■ Record excerpts:
☆ ☆ ☆ ☆ ☆

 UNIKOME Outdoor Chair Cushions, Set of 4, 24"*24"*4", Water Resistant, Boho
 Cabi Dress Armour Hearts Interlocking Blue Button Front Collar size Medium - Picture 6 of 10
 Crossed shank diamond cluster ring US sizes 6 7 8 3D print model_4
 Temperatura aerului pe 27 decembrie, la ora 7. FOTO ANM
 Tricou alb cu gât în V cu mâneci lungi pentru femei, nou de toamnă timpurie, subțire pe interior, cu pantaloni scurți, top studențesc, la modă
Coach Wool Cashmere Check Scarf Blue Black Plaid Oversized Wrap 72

☆ ☆ ☆ ☆ ☆

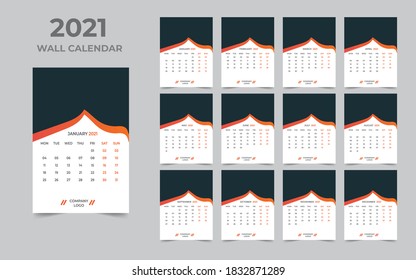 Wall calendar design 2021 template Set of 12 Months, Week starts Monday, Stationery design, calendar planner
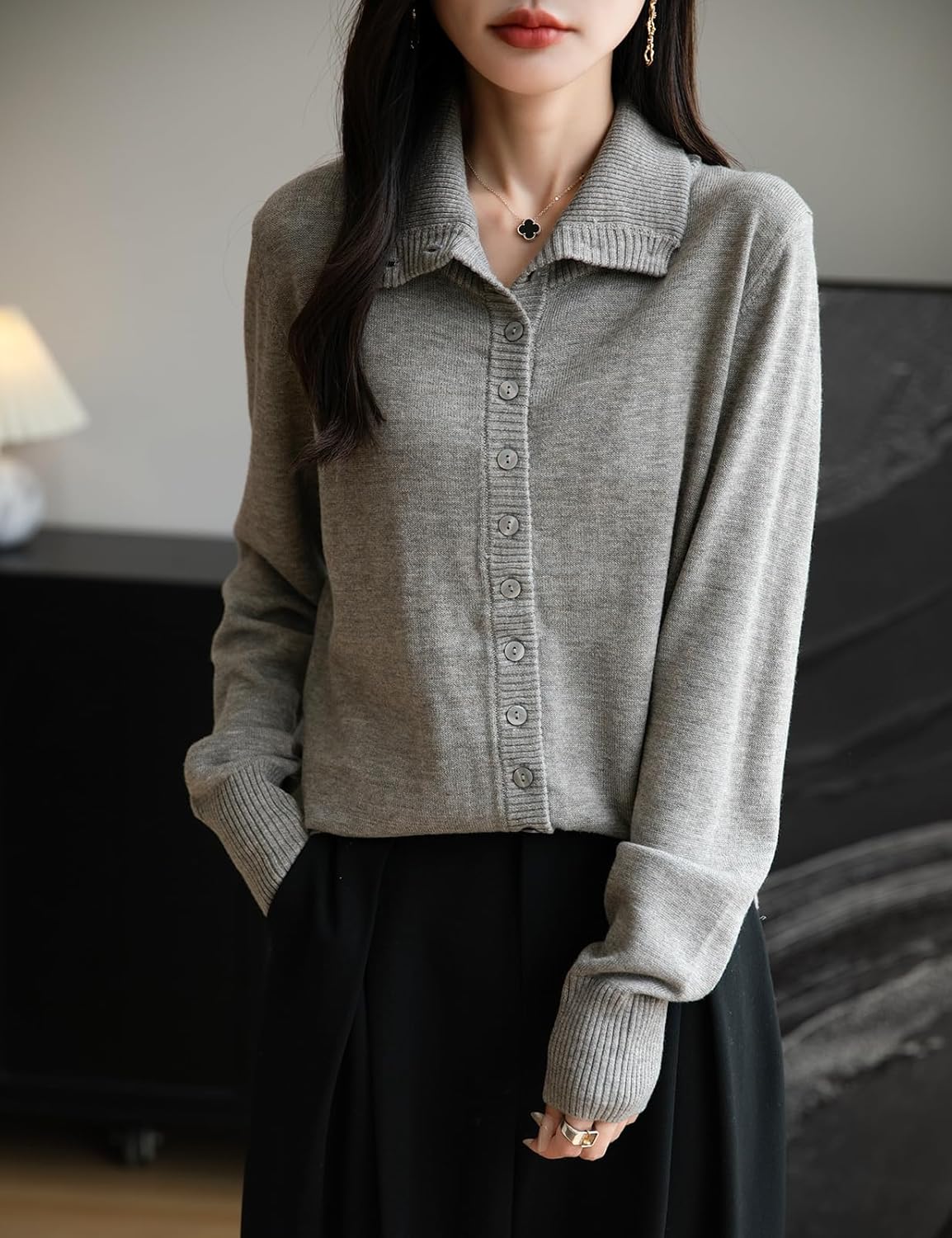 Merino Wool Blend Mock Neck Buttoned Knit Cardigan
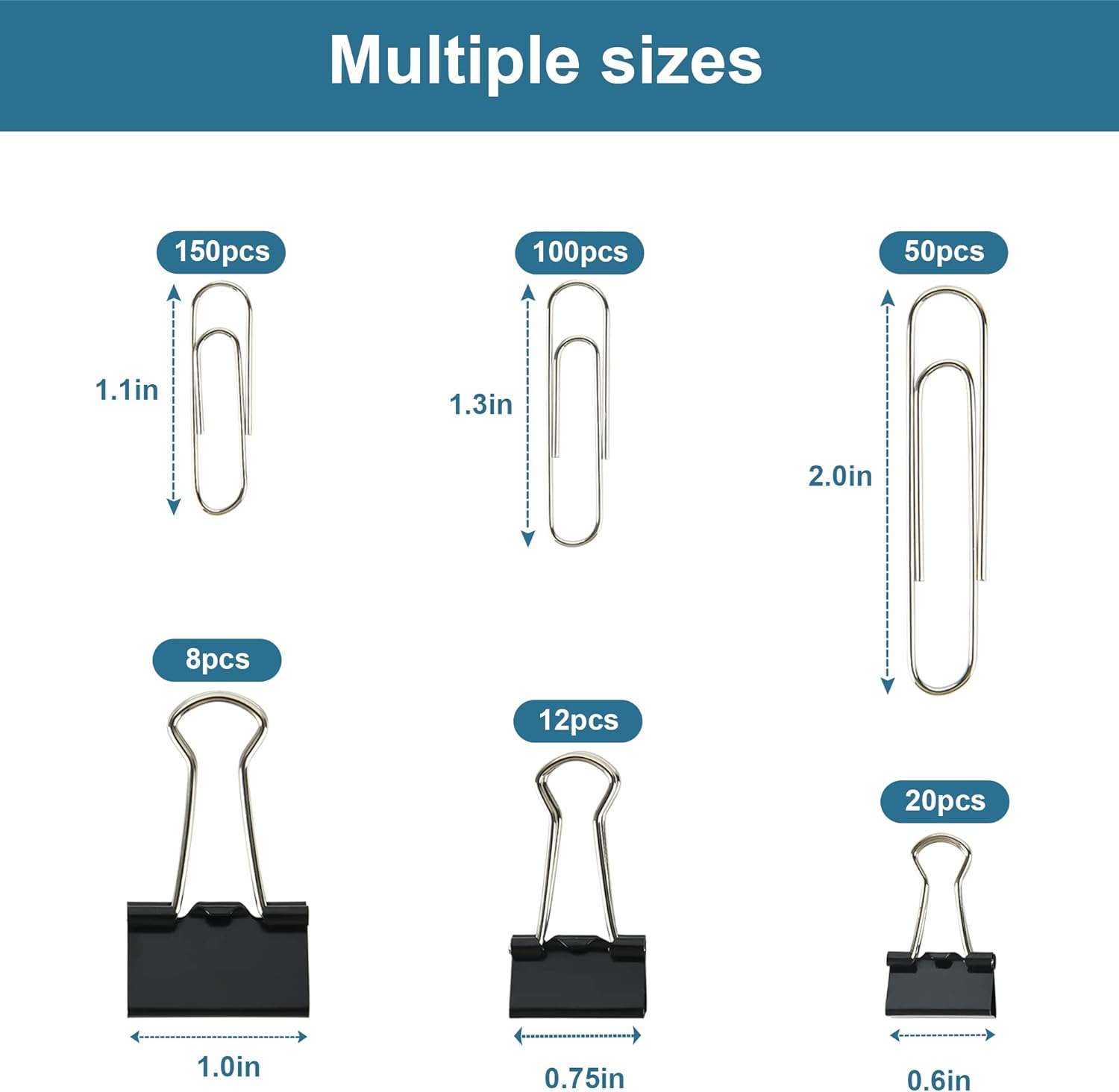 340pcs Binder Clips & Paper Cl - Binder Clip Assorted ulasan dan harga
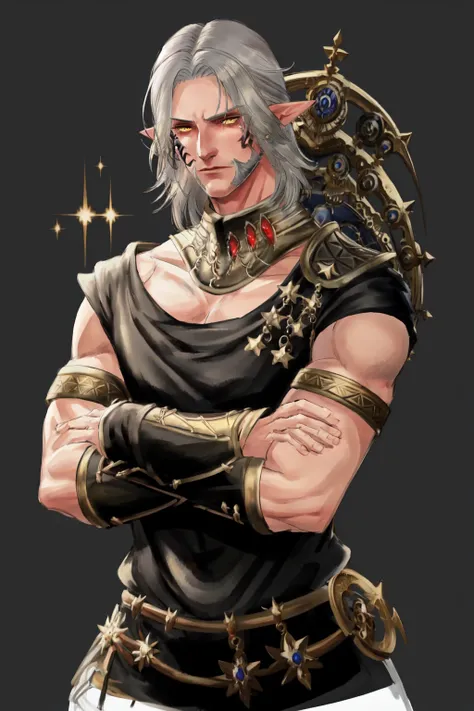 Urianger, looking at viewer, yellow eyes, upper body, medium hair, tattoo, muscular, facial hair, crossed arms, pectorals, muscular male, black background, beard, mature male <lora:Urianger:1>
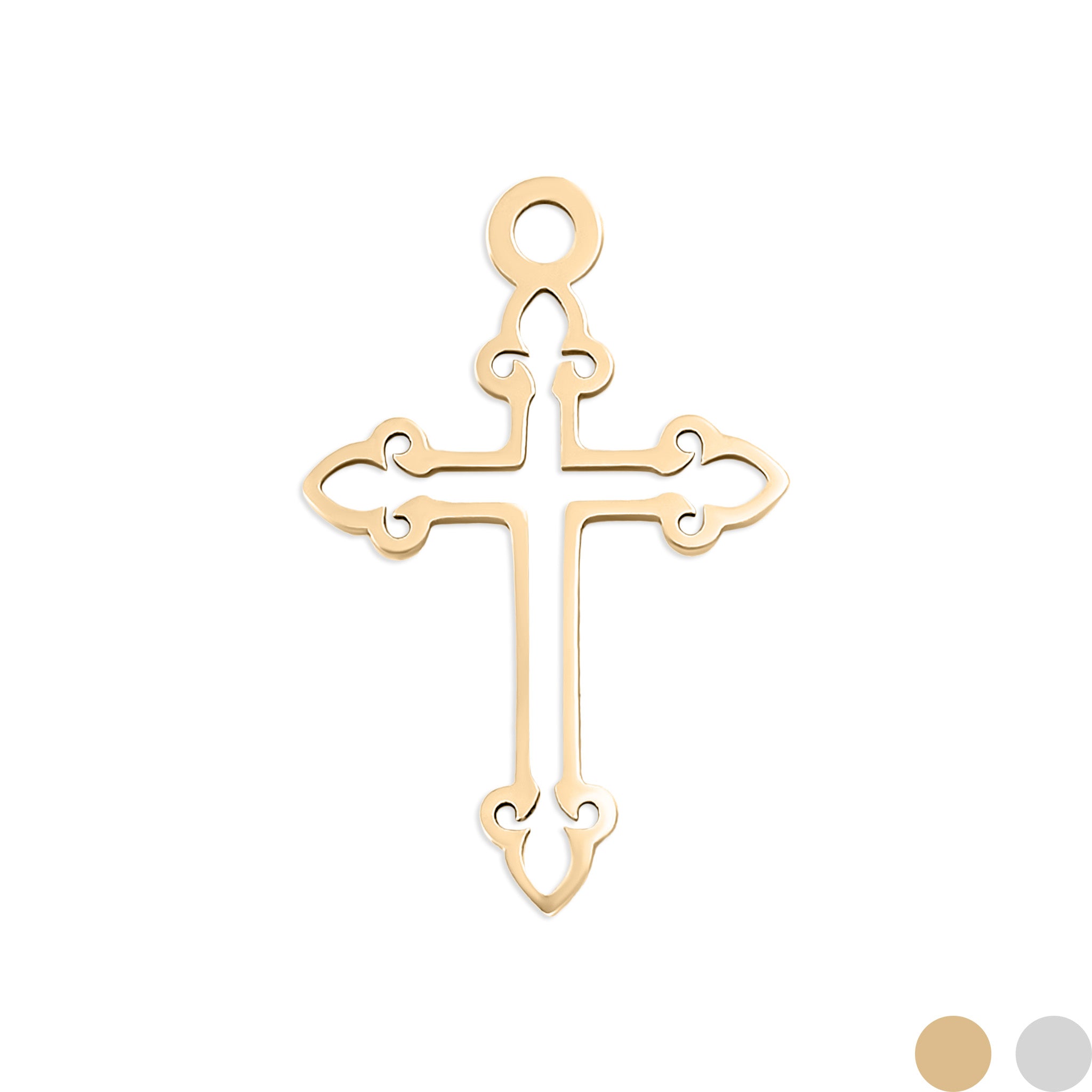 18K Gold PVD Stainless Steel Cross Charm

☆ ☆ ☆ ☆ ☆

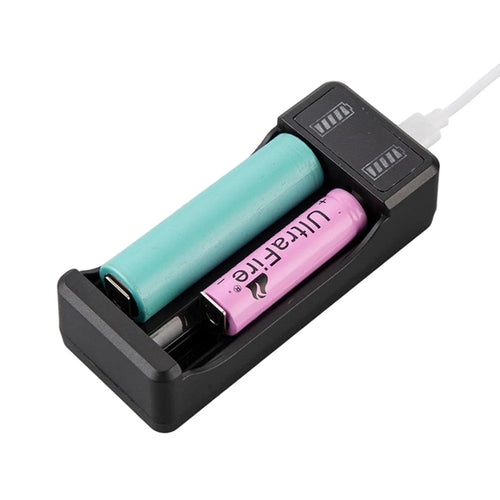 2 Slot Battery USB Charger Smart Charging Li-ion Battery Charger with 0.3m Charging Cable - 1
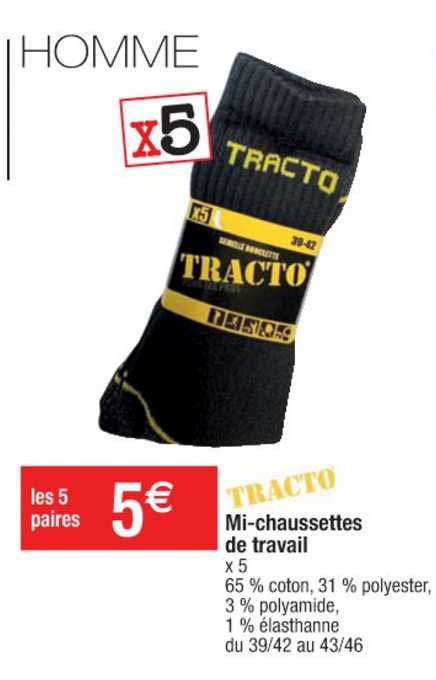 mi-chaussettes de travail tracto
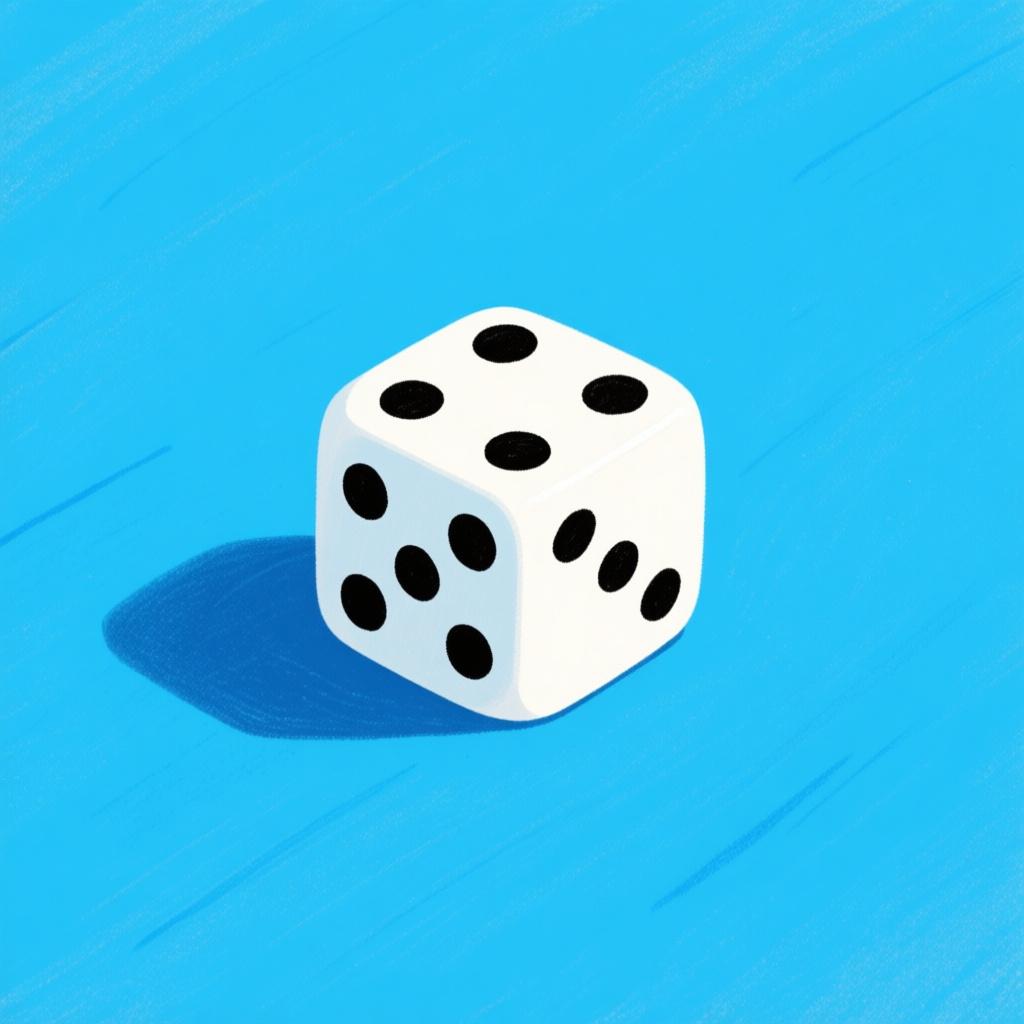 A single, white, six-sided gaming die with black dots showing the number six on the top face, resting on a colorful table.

☆ ☆ ☆ ☆ ☆

■ About this exercise: An exact, complete copy of the lines above from the one with "Crossed shank diamond" through the one with "Tricou alb cu" is the whole answer.

■ Result:
 Crossed shank diamond cluster ring US sizes 6 7 8 3D print model_4
 Temperatura aerului pe 27 decembrie, la ora 7. FOTO ANM
 Tricou alb cu gât în V cu mâneci lungi pentru femei, nou de toamnă timpurie, subțire pe interior, cu pantaloni scurți, top studențesc, la modă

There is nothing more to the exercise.